What is expected: With the pictures excluded, reproduce all of the data exactly.

Material for the task:

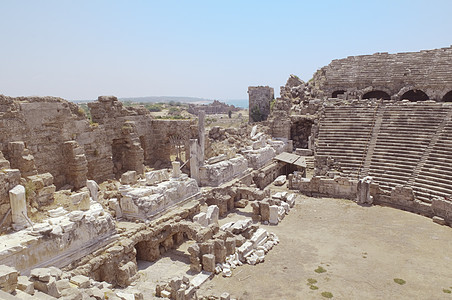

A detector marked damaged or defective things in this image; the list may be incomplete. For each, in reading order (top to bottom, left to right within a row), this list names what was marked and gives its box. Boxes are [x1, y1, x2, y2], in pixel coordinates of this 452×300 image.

broken marble block [0, 264, 18, 292]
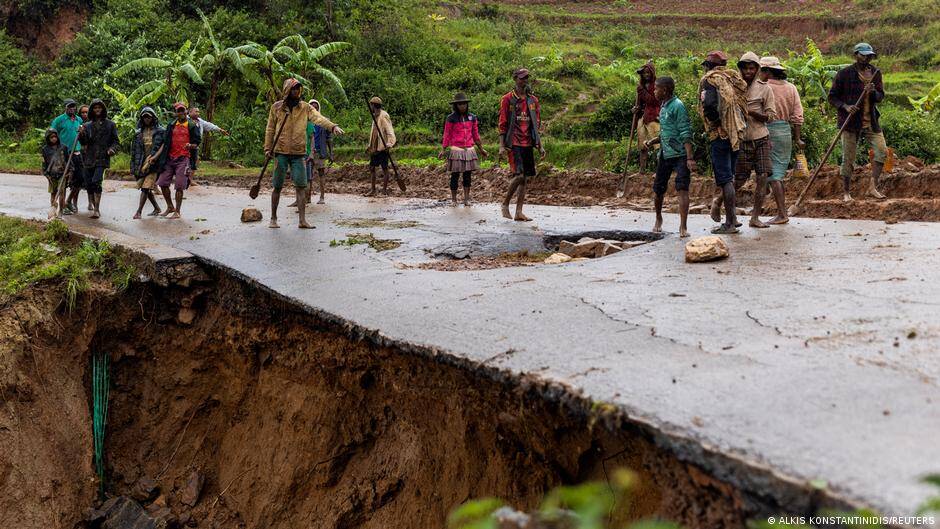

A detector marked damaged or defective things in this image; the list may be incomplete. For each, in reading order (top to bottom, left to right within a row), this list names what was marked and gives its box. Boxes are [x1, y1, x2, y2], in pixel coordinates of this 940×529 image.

cracked concrete road [3, 171, 936, 516]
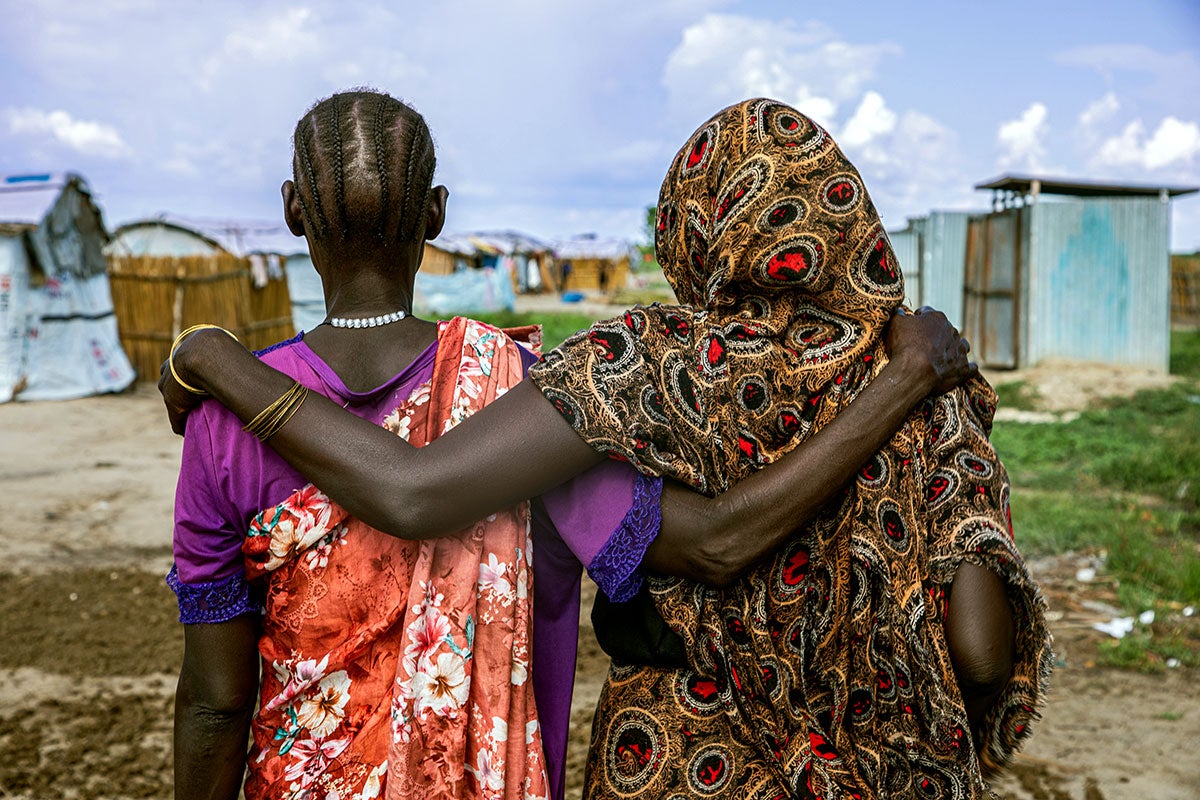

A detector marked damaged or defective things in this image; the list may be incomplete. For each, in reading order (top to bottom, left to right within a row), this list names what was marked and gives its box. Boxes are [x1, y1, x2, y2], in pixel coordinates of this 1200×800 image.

rusty metal panel [1022, 196, 1171, 371]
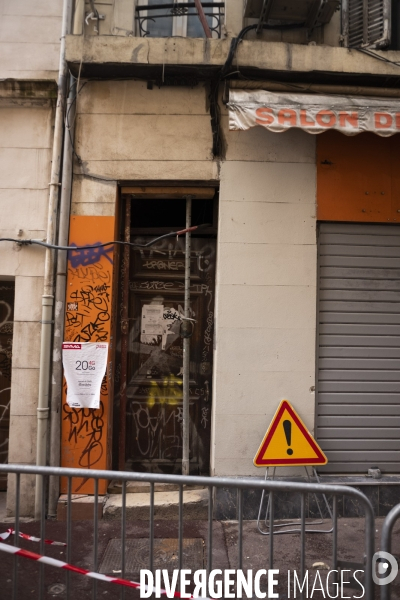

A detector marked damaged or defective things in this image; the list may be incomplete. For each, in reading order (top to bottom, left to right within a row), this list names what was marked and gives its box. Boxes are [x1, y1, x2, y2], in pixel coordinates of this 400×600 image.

burnt doorframe [111, 183, 219, 474]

Response area:
A detector marked damaged or defective things in this image; the list may be incomplete. For each, in reading order (top to bottom, left to right within a row), this list names what was marked and gives its box. Boxes are [x1, y1, x2, y2], in pixel coordinates of this 452×300 image.

broken marble block [0, 264, 18, 292]

A detector marked damaged or defective things in this image; the list may be incomplete. For each, in reading order (top to bottom, left to right within a row), this list names what was marked and gives its box. Boxes are [x1, y1, x2, y2], in pixel coordinates of this 940×529 image.

cracked concrete road [3, 171, 936, 516]

A detector marked damaged or defective things in this image; the list may be incomplete. For each, in reading order (top to bottom, left to right within a row), this list names what was marked and gives its box. Boxes are [x1, y1, x2, y2], in pixel coordinates of this 1200×800 image.

rusty metal panel [1022, 196, 1171, 371]

A detector marked damaged or defective things in this image; the list may be incomplete. For each, in reading order (top to bottom, left to right within a row), this list names what was marked and gives its box. Boxes are [x1, y1, x2, y2], in pixel coordinates of this 400×600 image.

burnt doorframe [111, 183, 219, 474]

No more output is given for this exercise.